I was about to ask the below question but I have just worked it out whilst typing my working.
So, for anyone who may be interested, here it is below:
Of course, I would be interested in seeing how I can optimise this question using P(A|B) method.
Question:
Two year 12 students are to be randomly selected from a pool of N year 12 students, n of whom are from School A. If it known that at least one student is from School A, what is the chance that both students are from School A?

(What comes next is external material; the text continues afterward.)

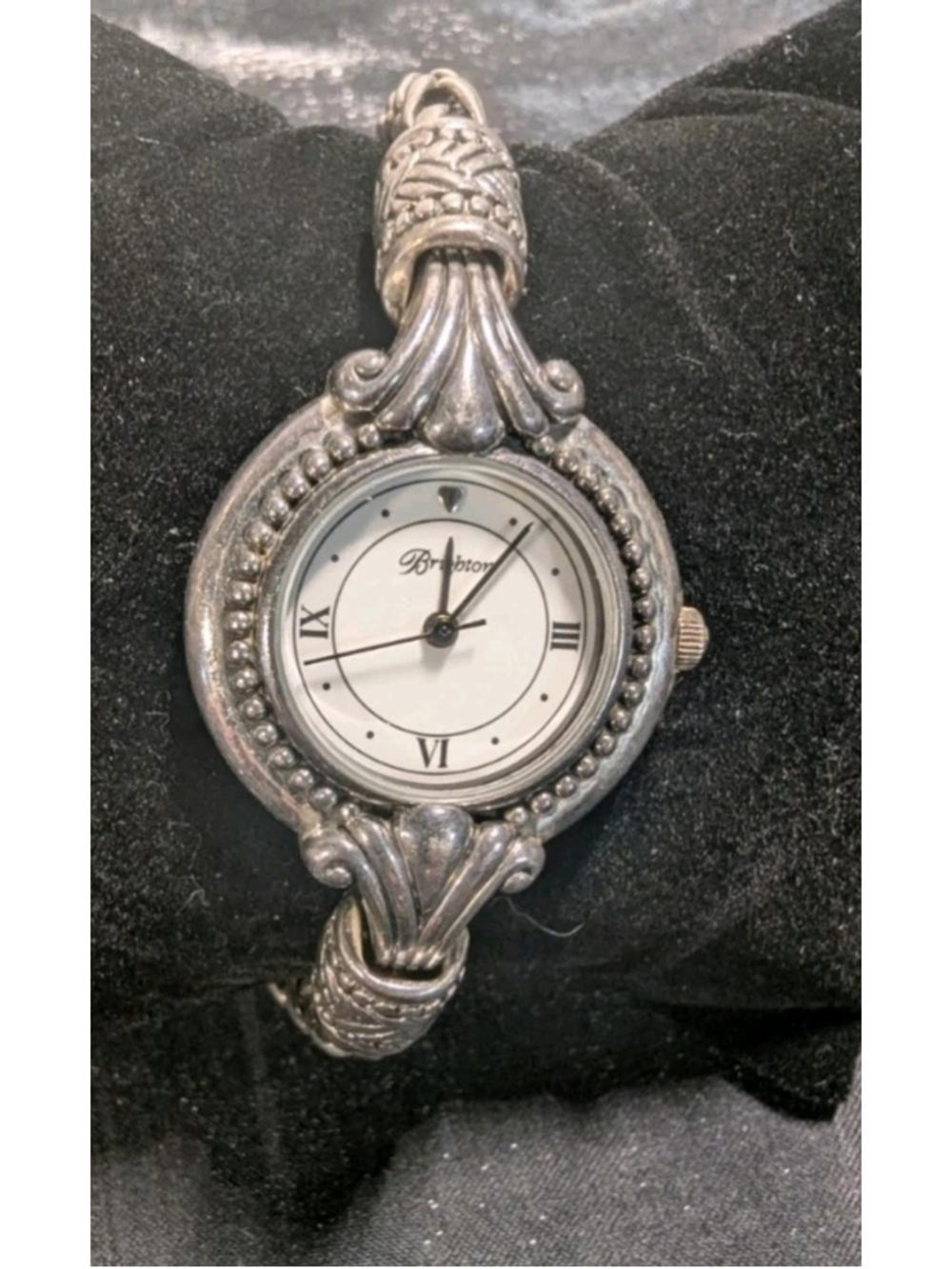 VTG Brighton CALGARY Watch Silver Braided Chain Round Face Toggle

The way I'm approaching it is finding the size of my sample space which is number of ways of selecting 2 students, with at least one student from school A.

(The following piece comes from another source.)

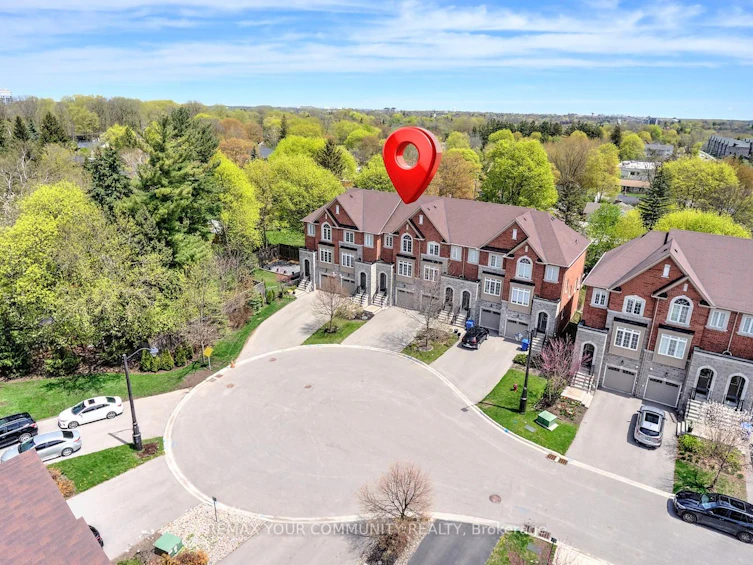 231 Appleton Court, Newmarket, ON, L3Y 0B8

This should be the same as Total number of ways N(N-1)/2 - number of ways with no student from School A ((N-n)(N-1-n))/2
i.e. Number of ways with at least one student from School A = (N(N-1) -(N-n)(N-1-n))/2
If I'm then looking for both students from School A, the number of ways = n(n-1)/2
Hence, the probability should be n(n-1)/(N(N-1) -(N-n)(N-1-n))
= n(n-1)/(N^2 - N - N^2 + N + nN + nN -n -n^2) = n(n-1)/(2nN - n - n^2) = (n-1)/(2N - n - 1)

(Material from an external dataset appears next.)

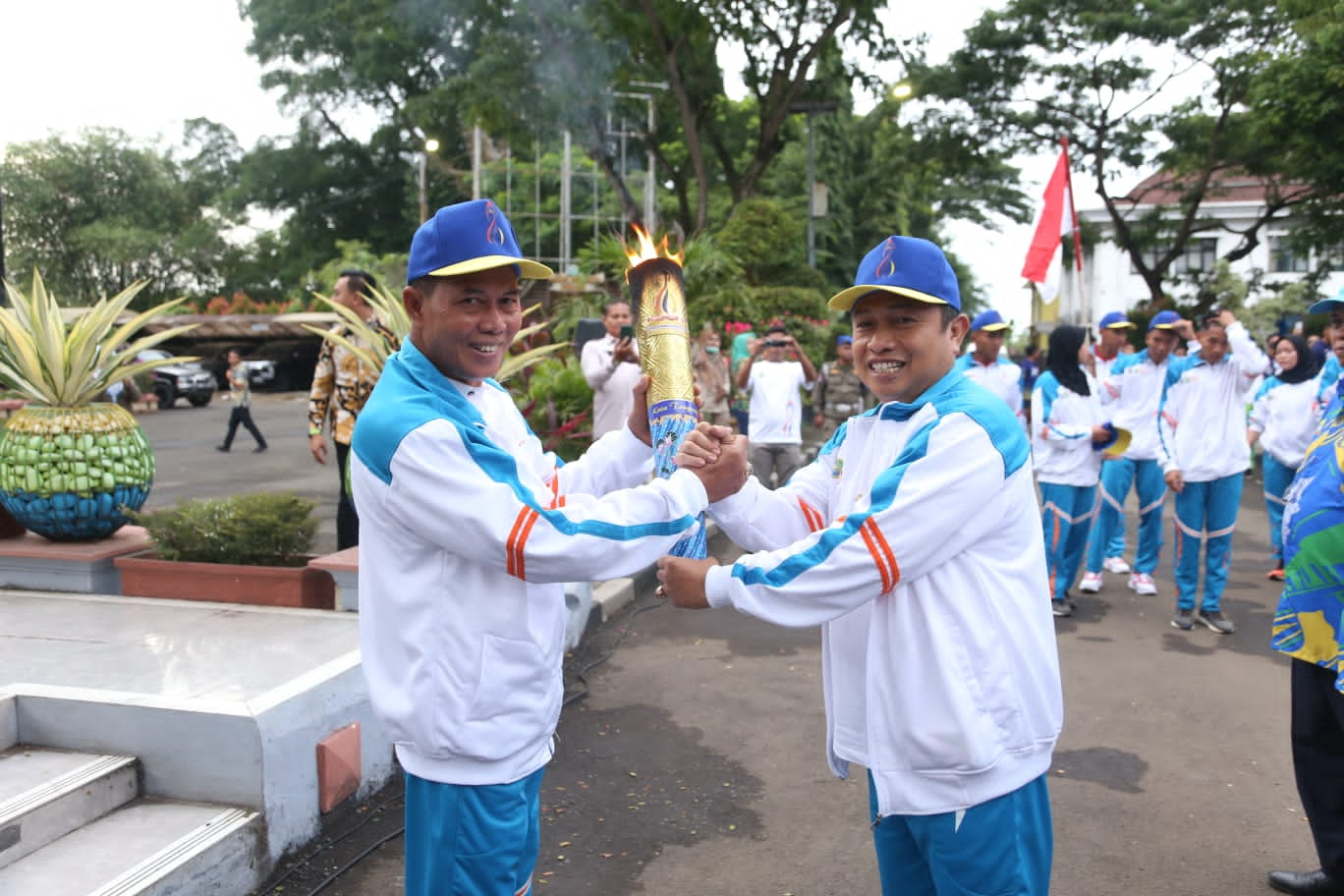 Kobarkan Api Semangat Atlet, Walikota Serang Sambut Kirab Obor Porprov Banten Ke VI di Puspemkot Serang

Let $X$ count the students from school A in the selection.
$$\begin{align}\mathsf P(X=2\mid X\geq 1) &= \dfrac{\mathsf P(X=2)}{1-\mathsf P(X=0)}\\[1ex]&=\dfrac{\binom {n}2/\binom{N}2}{1-\binom{N-n}{2}/\binom{N}2}\\[1ex]&=\dfrac{n\,(n-1)}{N\,(N-1)-(N-n)\,(N-n-1)}\\[1ex]&=\dfrac{n\,(n-1)}{N^2-N-(N^2-nN-N-nN+n^2+n)} \\ &= \dfrac{n-1}{2N-n-1}\end{align}$$
Yeap. Checks out okay. $\checkmark$
PS: For $2\leq n\leq N$